Why is it inappropriate for me to describe the events in adult language merely
becuase they are happening to a child?  Should I have said it like "the kid
learns that grownups make them do stuff?"

Further, you underestimate
children's resilience if you think that a smack on the butt will permanently
scar that child's psyche and parental relationship.

I think that it is an indicator of a power relationship that needn't exist.  I
believe that that power imbalance does color the relationship and psychology of
the child and adults, both.  How could it not?

On the other hand, standing by while a child commits a wrong action is a
fantastic way for the parent to tell that child that his/her actions aren't
sufficiently important for the parent to intervene or take notice.

I didn't want to just snip this away and be acusable of ignoring it, but I
really need to hear what "wrong" means.

If you see your child shoplifting a pack of gum, are you going to report
your child to the store manager and have your child jailed overnight?  I
know you have certain concepts of how "the universe" works things out, but
in reality, society (the only "universe" that matters to the child) jails
shoplifters or slaps them with a fine.

I don't know what I will/would do when/if that happens.  I guess I would urge
him to give it back and explain how our society deals with shoplifters.  I'd
also use it as a spring board to talk about how other societies do.

As I suggested above, I agree. It leaves the "impression" that the adults in
their life are willing to use any tools necessary to coerce the child into
jumping through the hoops that the parent finds valuable rather than helping
the child to figure out what _they_ think is important and then helping them
achieve along those lines.

And now your mis-characterize my statement, too.  A child who is smacked
on the butt does not--even at a non-verbal level--possess the abstract
reasoning skill to consider the role of the hegemonic adult ruling class in
the day-to-day struggles of the oppressed sandbox crowd.

First, how do you know that?  And so what?  The fact that a child might be so
inculcated with societal norms as to think that they are being treated
properly, doesn't make it so.  It was once believed that Africans couldn't
really think like real human adults either.  Once, we denied the vote to women
because we thought they weren't capable of truely rational thought.  And now we
say that about kids.  I certainly agree that they think differently.  The
conclusion from that, that they need masters is quite tenuous however.

Nowhere have I
suggested the "any tools necessary" nonsense that you assert; you are
equating a single, open-handed smack on the butt with lifelong, ritualized,
systematic torture.

I would say that I was over generalizing, rather than mischaracterizing your
statement.  When they understand that you first ask, then tell, then reprimand,
then pull TV rights, then ground, then smack their bottoms, then spank them
fully, in order to get them to do whatever you say, I think they can
extrapolate out beyond that to understand that it will continue to get more
severe.  For that matter, why wouldn't you if their recalcitrance continued?

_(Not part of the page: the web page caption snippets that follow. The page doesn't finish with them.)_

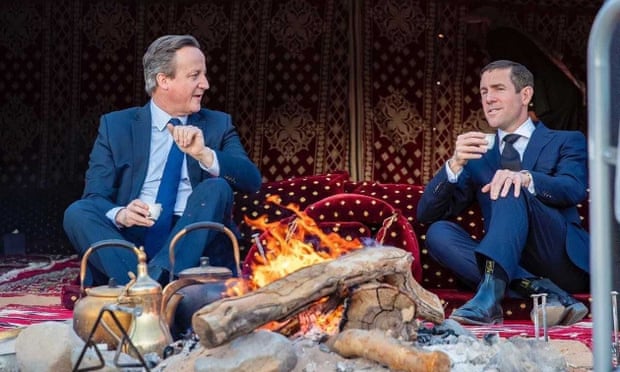 David Cameron, left, and Lex Greensill in Saudi Arabia in January 2020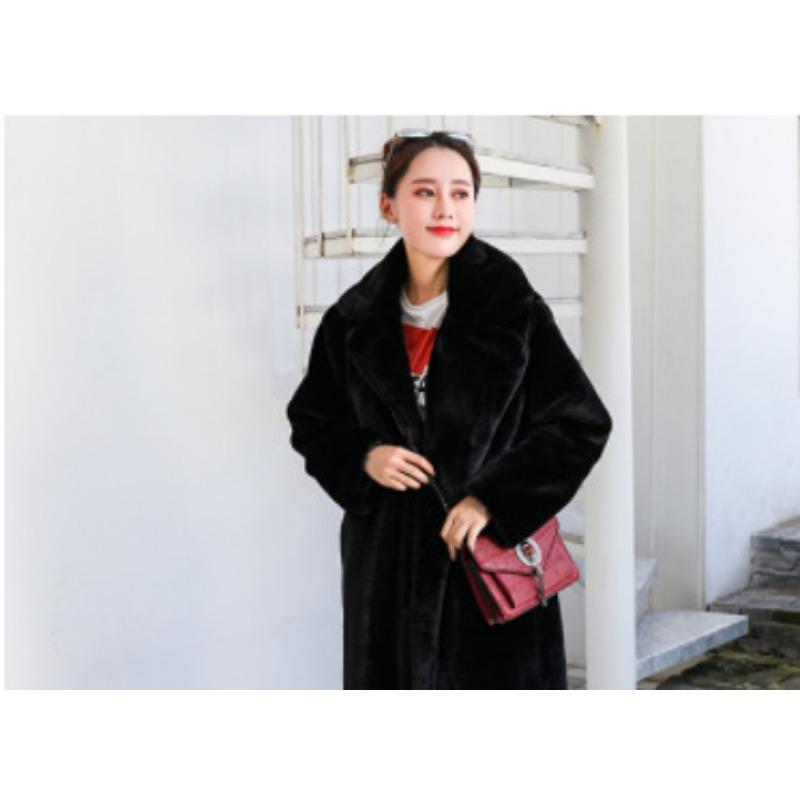New Winter Imitation Rabbit Fur Coat Women's Extended Knee Imitation Fur Jacket Thickened Warm Plush Jacket
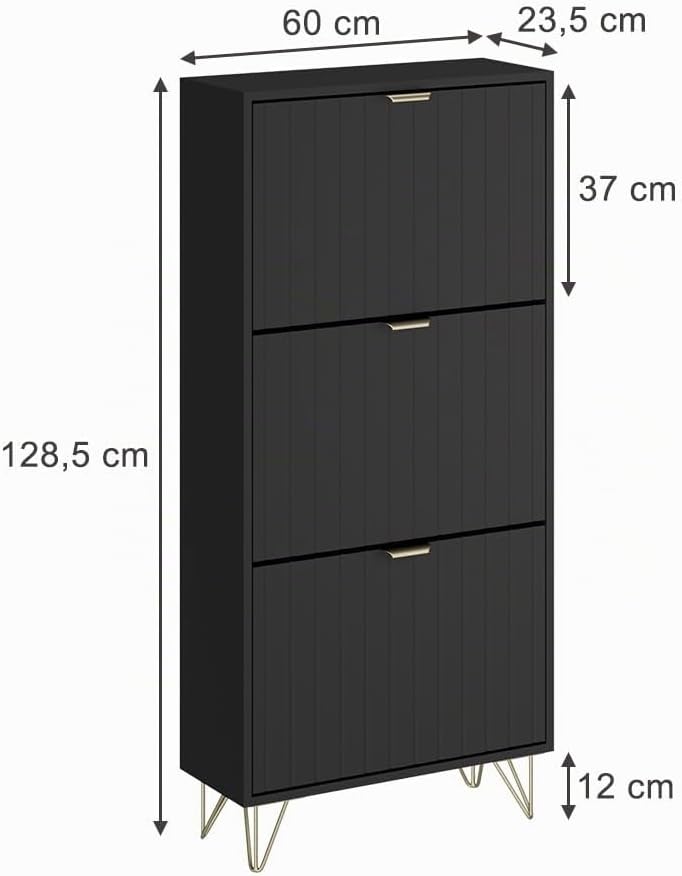 Vicco Schuhschrank Helge, Schuhregal, Schwarz, 60 x 128.5 cm 3 Fächer, Schwarz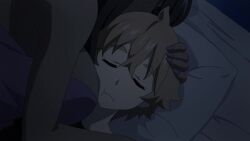 1boy 1girl animated anime_screenshot armpits arms_up ass black_hair bouncing_breasts breasts camisole camisole_lift chotto_dake_ai_ga_omoi_dark_elf_ga_isekai_kara_oikakete_kita cleavage clothes_lift collarbone colored_inner_hair dark-skinned_female dark_elf dark_skin elf fingernails gradient_hair highres hug large_breasts lifting_own_clothes lips long_fingernails long_hair mariabelle_(chotto_dake_ai_ga_omoi_dark_elf_ga_isekai_kara_oikakete_kita) multicolored_hair nail_polish nipples no_bra one_breast_out orange_hair pointy_ears presenting purple_hair purple_nails shirt_lift shorts sideboob sleeping sound sunohara_hinata tagme thighs topless_female two-tone_hair very_long_hair video waking_up yellow_eyes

Why, I wonder, do you rear your children at all?  Why not turn them loose
in society and let them figure it out for themselves, since--you assert--the
universe has its concept of how discipline is to be acquired?

A) Because I have a responsibility to care for my progeny.  B) Because I
enjoy children much of the time.  C) Because they will be happier and more
productive when they're done with my coaching if they have been guided and
assisted along the way.

Since morality is a learned behavior with a basis in biology, it is not
inappropriate (indeed, it is necessary) for a parent to instruct the child
in lessons of morality.

Why wouldn't they get it from observation and experience with life in our
society?

Given how disaffected and out-of-touch-with-reality you have consistently
demonstrated your spare-the-rod philosophies to be, I would suggest that not
only should you not have kids, but perhaps you should return any that you
have already.  In any case, don't you dare presume to judge me--or anyone
else--simply because our notions of parenting don't coincide with your odd
conceptions.

Why not?  Don't we all judge one another all the time?  Aren't you being quite
overtly judgemental yourself?  If it's not right for me, how is it right for
you?

So, to sum up:  You mis-characterize Shiri's statments and mine, you
presume to define the proper way that all children should be brought up, you
ignore the facts of child psychological development, and then you presume to
judge the propriety of my choice to have children.  Did I miss anything?
I don't care to be baselessly insulted by you, so I leave you to your
misguided theories of child-coddling.

Was it just the maybe you shouldn't have kids line?  I'm guessing that's it
since the rest of my note seemed really reasonable.  I guess I meant that as a
throw-away line, but I can really see how it was well over the limit of
reasonable discourse.  I apologize to anyone who thought I was targetting them.
For all the world that I _do_ think I know a better than the normal way to
raise kids, I also fully realize that most people (who do seem to be turning
out OK) haven't been raised as I advocate.  It is not the only way to get
satisfactory results.  It is only the way that I have found to be best.

Chris



Message has 1 Reply:
  Re: Suddenly Chris makes it personal (was: Nothing personal, but...)
 
(...) And in the meantime everyone ELSE has to put up with your child being a brat? You disgust me. You're one of the people that lets their children run rampant over everyone else, letting them "learn", and then "discuss" it with them afterwards. (...) (23 years ago, 23-Jun-01, to lugnet.off-topic.debate)

Message is in Reply To:
  Suddenly Chris makes it personal (was: Nothing personal, but...)
 
(...) You're creating a false dichotomy; by forcing Shiri to assert a hard line of distinction--knowing that such a hard line is by its nature impossible--you are attempting to say that no distinction can exist between "too much," "too little," and (...) (23 years ago, 22-Jun-01, to lugnet.off-topic.debate)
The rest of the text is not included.